オリオン(宇宙船)(読み)おりおん(英語表記)Orion

翻訳|Orion

日本大百科全書(ニッポニカ) 「オリオン(宇宙船)」の意味・わかりやすい解説

オリオン(宇宙船)
おりおん
Orion

NASA(ナサ)(アメリカ航空宇宙局)が開発している有人宇宙船。2011年のスペースシャトルの引退後、国際宇宙ステーションや月および火星などへの有人輸送手段として開発が始まった。形状はアポロ計画の際の宇宙船に類似しているが、使い捨てではなく複数回の使用が想定されている。打ち上げ用ロケットは、デルタⅣヘビーHeavyで実験されているが、運用段階ではアレスⅠの予定である。オリオン本体の大きさは直径5メートル、与圧部分の体積は約20立方メートル、居住部分の体積は約9立方メートルである。本体の質量は約10トンで、機械船なども含めると約25トンになる。当初、NASAの次期有人月着陸計画であるコンステレーション計画での使用を前提に開発されていた。しかし、計画の中止に伴い、スペースシャトルの代替機として国際宇宙ステーションへの人員物資の輸送に開発目標が変更された。
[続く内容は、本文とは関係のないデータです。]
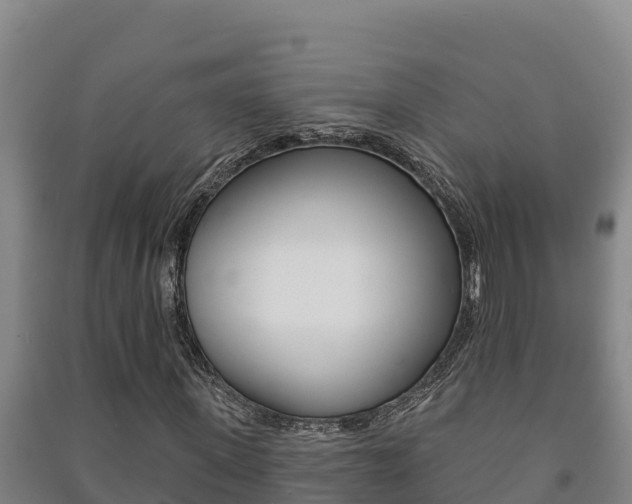 X0000091470915200708161125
その後、小惑星や火星への有人探査も視野に開発が続けられている。2014年12月には無人での初飛行を成功させ、2022年11月にはアルテミス計画(国際有人月探査計画)の1号機として、月周回軌道への無人試験飛行を成功させた。2024年にはアルテミス2号機として乗員4名による月楕円軌道への有人飛行を予定している。